This is an article from the Shaped 1.0 documentation. The APIs have changed and information may be outdated. Go to Shaped 2.0 docs
Images
Beyond Tags: The Power of Understanding Visuals for Relevance
In today's visually driven online world, relying solely on filenames, manually assigned tags, or interaction history for search and recommendation systems leaves significant value untapped. The rich, unstructured visual information within your platform's images – product photos, user-uploaded content, article illustrations, banners – holds the key to unlocking deeper relevance. Understanding these visuals allows systems to grasp:
- True Visual Content: What objects, scenes, or styles are actually depicted in this image, beyond basic labels?
- Aesthetic Similarity: Are these two items visually complementary or stylistically aligned, even if their metadata differs?

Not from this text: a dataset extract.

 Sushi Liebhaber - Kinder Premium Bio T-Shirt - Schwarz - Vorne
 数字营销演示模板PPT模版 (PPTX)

- Visual Nuance: Can we identify subtle visual attributes like color palettes, textures, or composition that influence user preference?
- Cross-Modal Understanding: How does the visual content relate to accompanying text descriptions or user queries?
- Latent Visual Preferences: Can we infer user tastes based on the visual characteristics of items they interact with?
Transforming raw pixels into meaningful signals, or features, that machine learning models can utilize is a crucial, yet demanding, aspect of feature engineering known as Computer Vision (CV). Nail it, and you enable powerful visual search, style-based recommendations, and richer user profiles. Neglect it, and you miss a fundamental dimension of user experience and relevance. The standard path involves building complex, resource-intensive CV pipelines.
The Standard Approach: Building Your Own Visual Understanding Pipeline

Leveraging visual data requires turning unstructured images into structured numerical representations (embeddings) that capture visual meaning. Doing this yourself typically involves a multi-stage, expert-driven process:
Step 1: Gathering and Preprocessing Image Data
- Collection: Aggregate image assets from diverse sources – CDNs, product databases, user upload storage, content management systems. Often involves handling URLs or binary data.
- Cleaning & Normalization: This is critical for consistent model input. Resize images to uniform dimensions, handle different file formats (JPG, PNG, WEBP), normalize pixel values (e.g., scale to [0, 1] or standardize based on ImageNet stats), potentially apply data augmentation (rotations, flips, color jitter) during training. Address corrupted or missing images.
- Pipelines: Build and maintain robust data pipelines to reliably ingest, validate, and preprocess potentially millions or billions of images.
The Challenge: Image data is diverse in size, quality, format, and content. Building reliable preprocessing pipelines requires significant data engineering and CV domain knowledge. Storage costs can also be substantial.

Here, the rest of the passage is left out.